“Women usually love what they buy, yet hate two-thirds of what is in their closets.”
~Mignon McLaughlin, The Neurotic’s Notebook
Some of you may still be a bit battered by our last exercise, but grudging health commitments have taught me that the only cure for soreness is the hair of the dog and so back into the fray! This time we’re tackling your wardrobe, what are the chances we’ll find Narnia?
Moving is always an excellent excuse to go through your closet because there is generally quite a bit of stuff in it that you don’t wear, doesn’t fit, no longer reflects your style or taste, has started to wear out, or that you are ready to let go of. There is no better excuse for an honest examination (or in the case of some, an archeological expedition) of one’s closet than the knowledge that if you are keeping something you will have to find room for it in two suitcases. And if you aren’t taking it, that you will have to find a place to store it while you are out of the country or gird your loins and get rid of it.

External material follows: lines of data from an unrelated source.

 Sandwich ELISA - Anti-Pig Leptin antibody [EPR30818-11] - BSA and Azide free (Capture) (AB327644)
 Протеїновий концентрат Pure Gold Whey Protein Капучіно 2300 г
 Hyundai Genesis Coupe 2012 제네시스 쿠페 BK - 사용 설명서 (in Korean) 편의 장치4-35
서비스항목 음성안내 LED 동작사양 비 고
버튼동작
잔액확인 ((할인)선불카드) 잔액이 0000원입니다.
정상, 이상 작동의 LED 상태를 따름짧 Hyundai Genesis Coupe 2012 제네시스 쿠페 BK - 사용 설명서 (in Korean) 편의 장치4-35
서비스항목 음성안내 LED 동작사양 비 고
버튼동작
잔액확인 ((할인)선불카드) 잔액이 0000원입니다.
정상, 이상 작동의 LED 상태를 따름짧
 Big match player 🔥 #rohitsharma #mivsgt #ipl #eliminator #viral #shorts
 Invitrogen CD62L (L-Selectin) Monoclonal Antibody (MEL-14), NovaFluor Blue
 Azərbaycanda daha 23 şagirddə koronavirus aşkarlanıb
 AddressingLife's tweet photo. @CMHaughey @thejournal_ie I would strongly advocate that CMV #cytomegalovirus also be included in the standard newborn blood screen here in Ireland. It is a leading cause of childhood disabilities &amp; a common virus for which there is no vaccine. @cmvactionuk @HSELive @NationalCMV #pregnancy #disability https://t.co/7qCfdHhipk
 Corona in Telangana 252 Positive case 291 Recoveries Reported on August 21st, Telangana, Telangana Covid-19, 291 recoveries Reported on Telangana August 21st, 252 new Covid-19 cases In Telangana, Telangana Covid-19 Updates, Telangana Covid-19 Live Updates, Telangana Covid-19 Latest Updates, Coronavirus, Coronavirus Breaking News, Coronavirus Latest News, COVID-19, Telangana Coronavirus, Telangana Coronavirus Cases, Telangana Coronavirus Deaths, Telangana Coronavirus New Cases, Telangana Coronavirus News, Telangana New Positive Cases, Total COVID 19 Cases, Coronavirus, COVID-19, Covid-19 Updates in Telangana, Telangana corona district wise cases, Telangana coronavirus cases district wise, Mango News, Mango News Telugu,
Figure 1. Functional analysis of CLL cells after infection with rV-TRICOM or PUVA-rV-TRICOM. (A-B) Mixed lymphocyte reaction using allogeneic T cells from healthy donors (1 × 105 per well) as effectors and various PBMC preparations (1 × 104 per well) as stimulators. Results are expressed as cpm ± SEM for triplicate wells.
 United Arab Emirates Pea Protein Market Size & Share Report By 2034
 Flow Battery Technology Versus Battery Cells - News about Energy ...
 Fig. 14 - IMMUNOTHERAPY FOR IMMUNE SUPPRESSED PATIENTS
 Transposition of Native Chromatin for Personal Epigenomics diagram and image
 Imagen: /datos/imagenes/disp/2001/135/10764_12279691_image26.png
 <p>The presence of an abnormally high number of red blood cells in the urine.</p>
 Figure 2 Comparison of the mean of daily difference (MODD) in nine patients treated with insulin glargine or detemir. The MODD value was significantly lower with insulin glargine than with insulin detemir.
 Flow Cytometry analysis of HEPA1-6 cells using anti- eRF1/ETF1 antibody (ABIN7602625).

Now I’m not one of those ogresses that demand you chuck everything dear to you (am I, ducklings?), I know that in every closet their lurks some treasures that it simply wouldn’t be feasible to transport but you can’t get rid of. All I’m saying is that you should be honest about what constitutes real treasure. A couple of contrasting examples:
Freshman year some friends of mine had t-shirts made for our group. I’ve carefully preserved that shirt for the memories but haven’t worn it once in nearly 6 years. When I pulled it out of my closet, I grinned a bit remembering some of the scrapes we got into, thought of friends I haven’t seen in a while, and generally reminisced about the four years I spent at university. And then I put it in the donate pile. Hanging onto a shirt that only takes up room in storage when I already don’t wear it doesn’t make a lot of sense. And of course I realized that I don’t necessarily need a shirt to remember people and good times anymore.
Alternatively, in my closet also resides my wedding dress. It too represents memories but the difference between it and a t-shirt (besides price) is not lost on me. If I have a daughter she may want to wear it for her own wedding, or perhaps my sister would like to borrow it for her nuptials – giving my parents a sigh of relief and Snickers more coin to drop on the party itself. Or perhaps someday I’ll donate it to another good cause. But until then, I’m much less willing to part with it rather than an old, never worn t-shirt.
And in between these two extremes is most of what I own. I have pretty dresses and skirts that I spent good money on, are in excellent shape, and that I quite like, that won’t be necessary to me overseas. I have tops that I haven’t worn for a long time and won’t miss. I have any number of shoes, including a few pairs from Italy and Paris that I love but won’t stand up to cobbled streets or inclimate weather.
And so, armed with a ruthless will and clear vision of what I intend to hold precious, I fling open the doors and survey everything I own and start asking the practical and philosophical questions about individual items:
- Does it follow the Cardinal Rule of dressing abroad?
- Is it in good shape? Are hems fraying, seams ripping, or is it generally falling apart? Is the answer is yes, donate or chuck it.
- If it isn’t in good shape, can you get it back into working order? If all that’s wrong with a perfectly good jacket or cardigan is a missing button, it’s beyond foolish to chuck it for a easily repairable flaw.
- Have I worn this item in the last six months? If not, you can probably get rid of it without qualm.
- Do I still like it? In every closet there resides at least one lapse in sartorial judgment, and if you don’t like it now, you won’t like it later.
- Does it still fit properly? There’s no reason to hang on to something that doesn’t.
- Will I wear it (which is an entirely different question than “Have I worn it?” I wear lots of things here in the States during summer that might not be so practical for a Fall/Winter school year in Europe)?
- If I leave it behind, will I wear it when I get back or will it be too dated, out of style, or no longer practical for my situation in life?
- Do I have multiple items that serve the same functions? If so, which one would be more practical to take and would give me the most and best wear?
Any clothing that doesn’t pass muster gets tossed into bin liners to be donated, offered to friends, given to Snickers, or is set aside to be stored. What’s does is what’s coming with you. The next step is make sure you have the necessary items to make it through a calendar year abroad, and we’ll start exploring that in future posts.
So, sound off! What categories of things does an enterprising globe hopper need for a jaunt abroad?